Conil de la Frontera
En sueños la marejada
me tira del corazón.
Se lo quisiera llevar.
Rafael Alberti
1 de agosto de 2012:
A medida que anochece, tu alma
se va desprendiendo levemente de las cortezas del invierno. La ilusión, siempre
inmóvil en la esquina más oscura del pensamiento, irrumpe de repente con afanes
de estrella y te estremece como una marea.
Es la noche gaditana.
Todo un año soñando con volver
a sentir en la piel la presencia invisible del Atlántico, su caricia húmeda y
traviesa que descompone tu cabello y le otorga un toque salvaje y leónido; un
toque que parece querer decir “has vuelto”, como si el océano te reprochara
haberte alejado durante tantos meses formando, como formas, parte de él.
Piensas todo eso mientras tus
sentidos se desatan y florecen al contacto con un aroma de azahar y de dama de
noche que flota en el viento. La luna llena otorga una claridad insomne al
firmamento, ocultando todo rastro de luceros.

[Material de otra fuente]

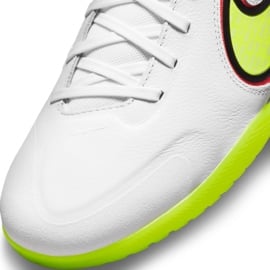 Buty piłkarskie Nike React Tiempo Legend 9 Pro Ic M DA1183-176 białe wielokolorowe 6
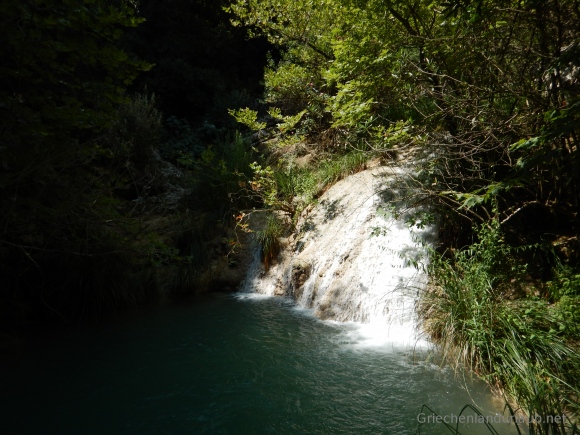 Kleiner Wasserfall am Flusslauf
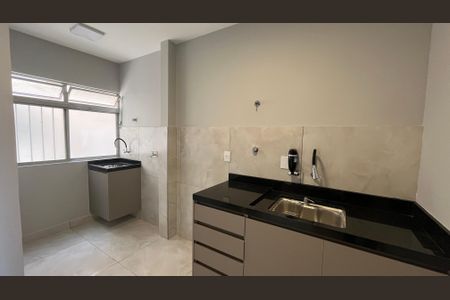 Apartamento à venda com 2 quartos, 74m² em Taquaral, Campinas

La contemplas así, enmarcada de
palmeras que te regalan recuerdos imposibles de oasis y de velos, y de perfumes
y canciones milenarias.
Caminas hacia el pueblo
blanco, posado sobre el mar, y casi de forma inconsciente te vas internando por
sus calles estrechas que juegan a esconderse y a deslumbrarte con un nuevo
tesoro esperando detrás de cada esquina.
Todo te atrae con un
magnetismo misterioso: los puestos ambulantes que exponen fulares, objetos de
cuero, estrellas de mar; el olor andaluz a pescaíto frito y las aceras
invadidas por sillas y mesas donde cenan los turistas. Y más allá, una guitarra
española que se desangra.
Desde el cielo, por encima de
los tejados, la luna y su hechicera claridad lo envuelven todo en un nimbo de
misterio, de ensoñación, despertando una parte de ti que lejos del Sur
presientes dormida, como si hibernara. La pasión que te recorre el alma te hace
recordar épocas que nunca has vivido, te hace creer que, tal vez, un día
también caminaste por aquella ciudad entre sombras y maleficios y danzas
orientales. Es un presentimiento fuerte, palpitante, viejo como el tiempo.
Y entonces -¡oh, entonces!-
piensas en el amor: en esa dimensión siempre irreal o lejana, siempre
inalcanzable –por uno u otro motivo-, siempre oculta. Y tus afanes
insatisfechos se elevan directamente hacia la luna, que los expulsa en forma de
viento para acunar pausadamente las olas del Atlántico.